==== Study material
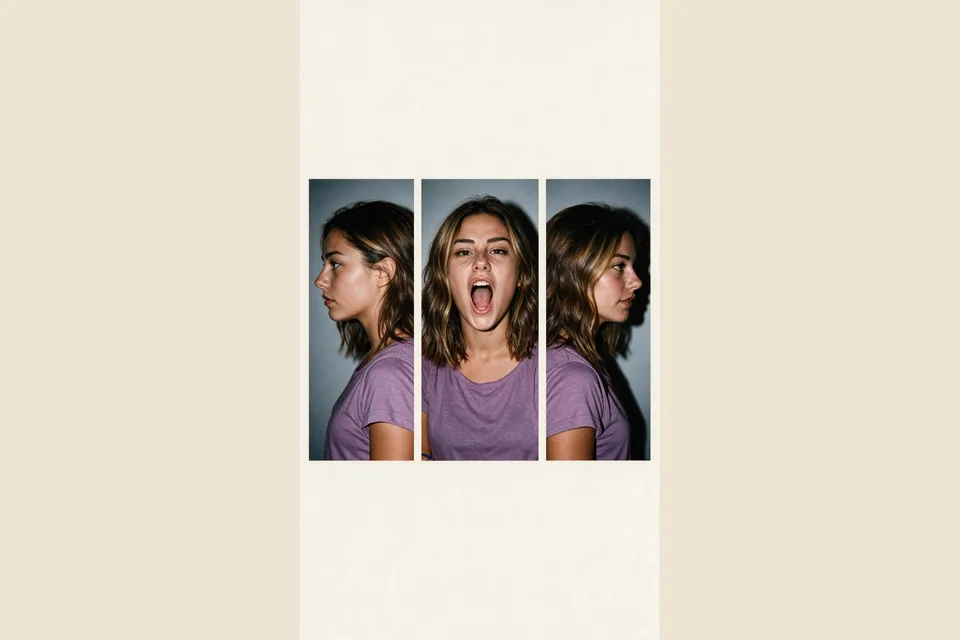 Casting Triptych Output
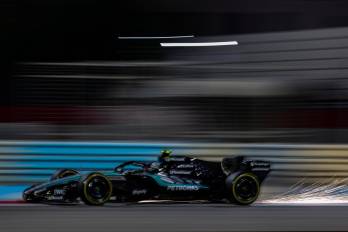 El piloto italiano Kimi Antonelli, en el circuito de Baréin.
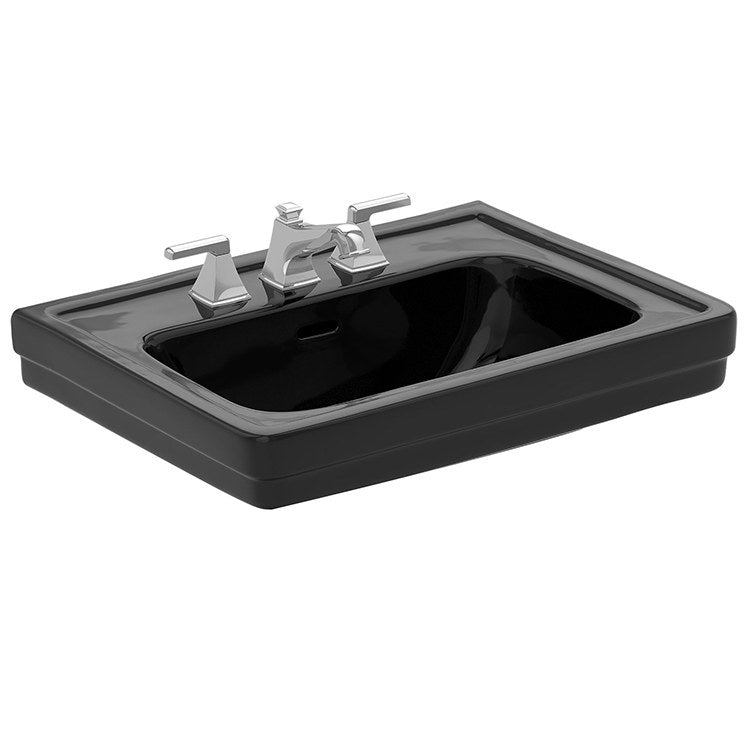 Promenade 24″ Pedestal Sink Top Only with Three Holes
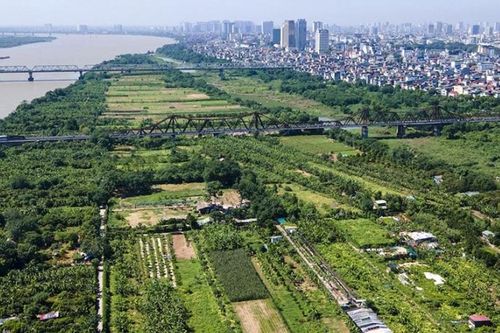 Phường Hồng Hà, tên gọi gắn liền với dòng sông Hồng lịch sử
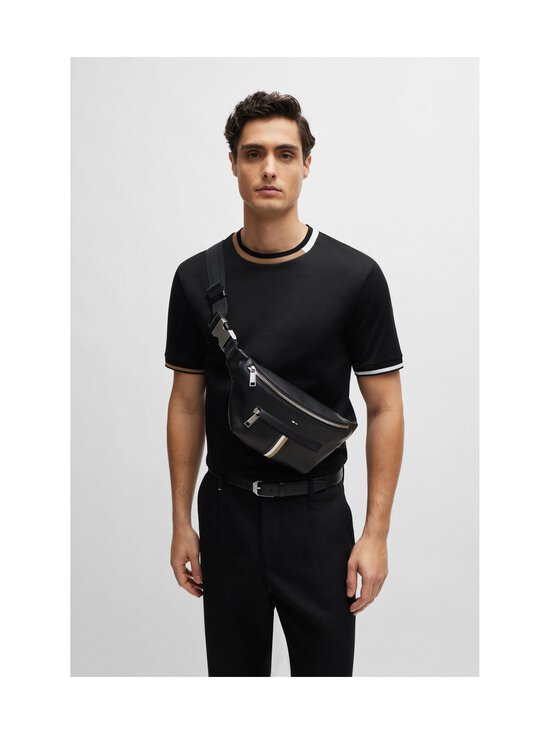 BOSS - Ray Signature Stripe -vyölaukku - 001 BLACK | Stockmann - photo 5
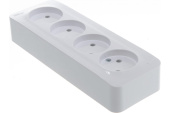 Розетка "SchE" Blanca О/У 4м б/з 16А IP20 белая BLNRA000411 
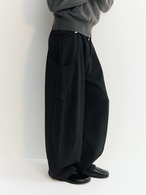 NORYBRAND Wool Blend Soft Trousers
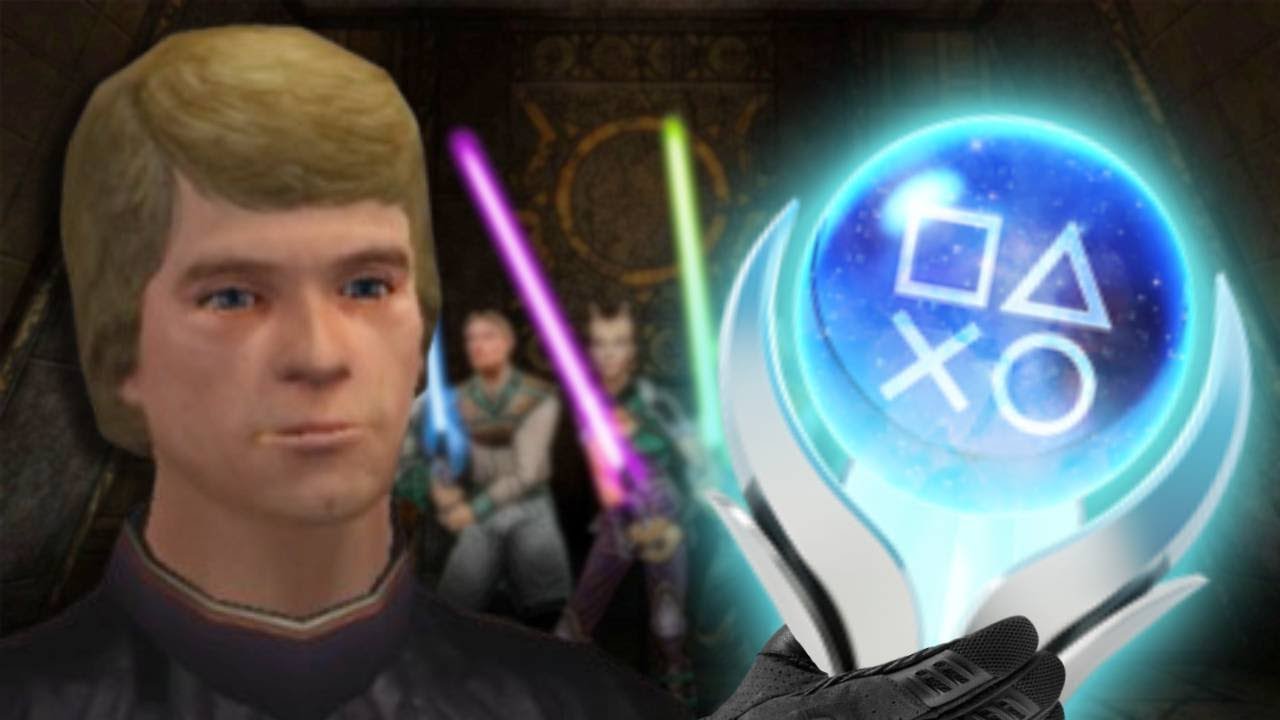 Платиновый трофей по игре «Академия джедаев» чуть меня не разорил! | Star Wars: Jedi Academy 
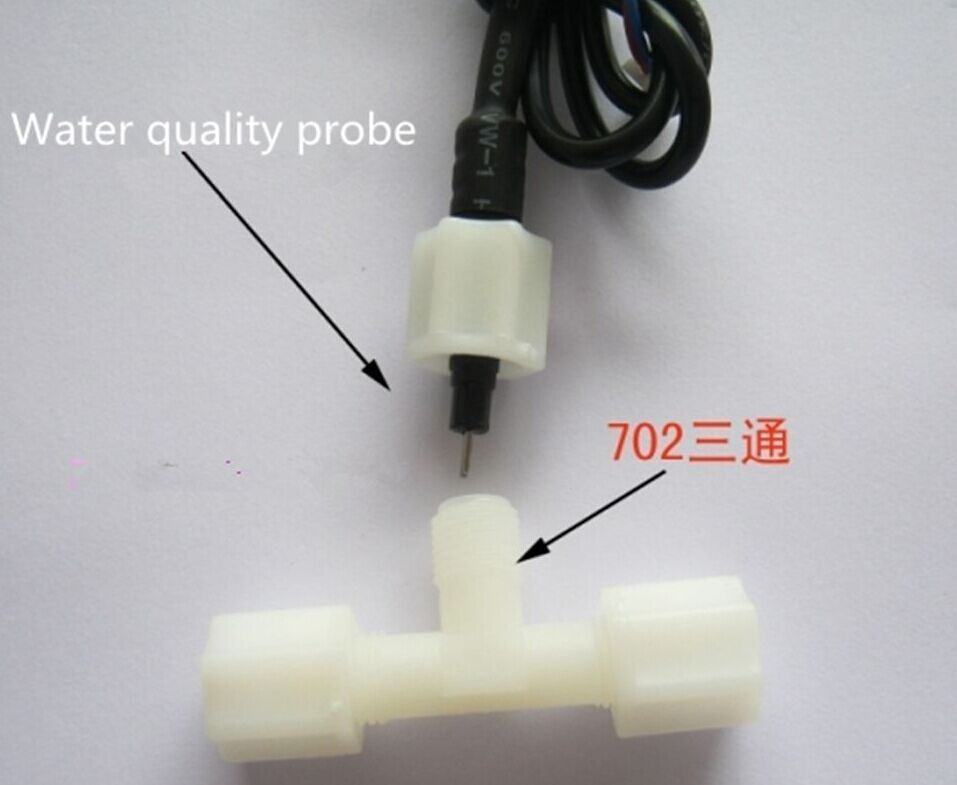 G1/4 0.8MPA Water probe, TDS conductivity test, water testing probe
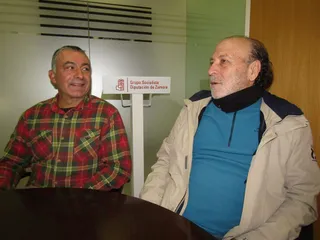 PSOE Ayto. Mahíde. Concejales Ángel Carballés y Julio Mata 28 11 19(1)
========
■ What you should do:
Copy out exactly the lines that begin at the line with "G1/4 0.8MPA Water" and end at the final line of the entries above. Leave out the pictures.

■ Output:
 G1/4 0.8MPA Water probe, TDS conductivity test, water testing probe
 PSOE Ayto. Mahíde. Concejales Ángel Carballés y Julio Mata 28 11 19(1)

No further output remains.